Slokdarm pH-monitoring wordt gebruikt om de reflux (regurgitatie of terugspoeling) van zuur uit de maag in de slokdarm te meten en om gastro-oesofageale refluxziekte (GERD) te diagnosticeren. Bijwerkingen van de procedure zijn weinig, maar kunnen een licht ongemak in de achterkant van de keel omvatten terwijl de katheter wordt geplaatst, en slikken.
Slokdarm pH (pH is een maat voor de zuurgraad of alkaliteit van een oplossing) monitoring is een procedure voor het meten van de reflux (regurgitatie of terugspoeling) van zuur uit de maag in de slokdarm die optreedt bij gastro-oesofageale refluxziekte (GERD).
Wanneer wordt slokdarm-pH-monitoring gebruikt?
- Slokdarm-pH-monitoring wordt gebruikt om GERD te diagnosticeren, om de effectiviteit te bepalen van medicijnen die worden gegeven om zure reflux te voorkomen en om te bepalen of episodes van zure reflux episodes van pijn op de borst veroorzaken.
- Het bewaken van de pH van de slokdarm kan ook worden gebruikt om te bepalen of zuur de keelholte (onderste keel) bereikt en mogelijk verantwoordelijk is voor symptomen als hoesten, heesheid en keelpijn.
Hoe wordt de pH-controle van de slokdarm uitgevoerd?
- Slokdarm-pH-monitoring wordt uitgevoerd door een dunne plastic katheter met een diameter van 16 inch door één neusgat te voeren, langs de achterkant van de keel en in de slokdarm terwijl de patiënt slikt.

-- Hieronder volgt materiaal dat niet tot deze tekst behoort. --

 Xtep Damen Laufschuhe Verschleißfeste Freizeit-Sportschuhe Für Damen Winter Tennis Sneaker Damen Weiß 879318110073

De punt van de katheter bevat een sensor die zuur detecteert. De sensor wordt in de slokdarm geplaatst, zodat deze zich net boven de onderste slokdarmsfincter bevindt, een gespecialiseerd gebied van de slokdarmspier dat op de kruising van de slokdarm en de maag ligt en voorkomt dat zuur terugvloeit in de slokdarm. In deze positie registreert de sensor elke terugvloeiing van zuur. De katheter die uit de neus steekt, is verbonden met een recorder die elke terugvloeiing van zuur registreert.

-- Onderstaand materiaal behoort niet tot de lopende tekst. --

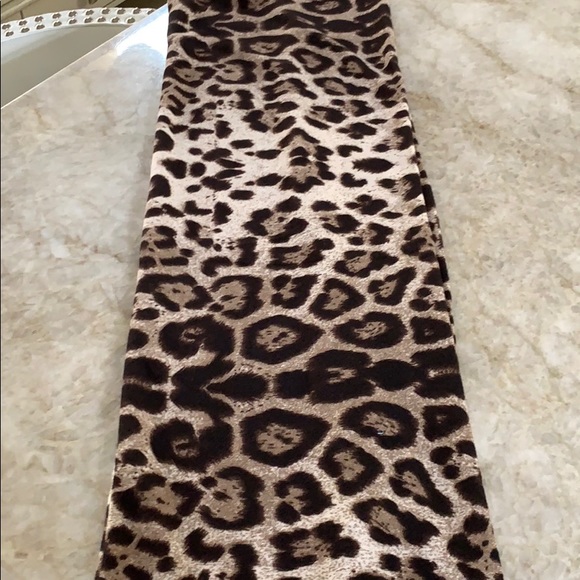 Beautiful leopard print infinity scarf - Picture 3 of 4
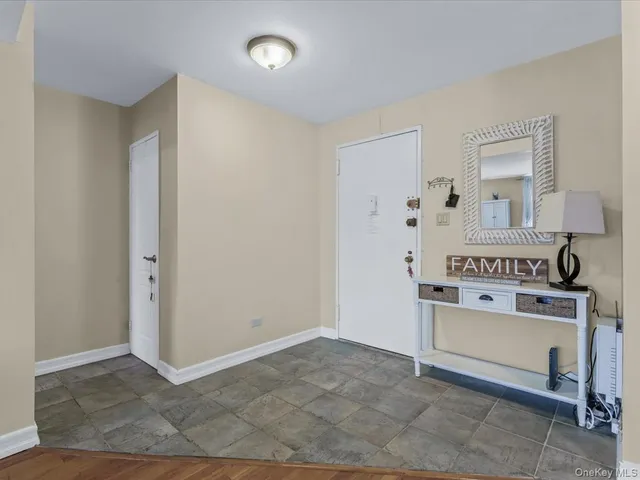 $238,000 | 241-20 Northern Boulevard, Unit 6M | Douglaston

- De patiënt wordt naar huis gestuurd met de katheter en de recorder op zijn plaats en komt de volgende dag terug om ze te laten verwijderen. Gedurende de 24 uur dat de katheter op zijn plaats zit, doet de patiënt zijn of haar gebruikelijke activiteiten, zoals eten, slapen en werken. Maaltijden, slaapperioden en symptomen worden door de patiënt vastgelegd in een dagboek en/of door op knoppen op de recorder te drukken. Nadat de katheter is verwijderd, wordt de recorder op een computer aangesloten, zodat de verzamelde gegevens kunnen worden gedownload naar de computer waar ze worden geanalyseerd en in grafische vorm worden omgezet. De procedure kan worden aangepast door de sensor in de bovenste slokdarm of farynx te plaatsen om te bepalen of gerefluxt zuur de farynx bereikt.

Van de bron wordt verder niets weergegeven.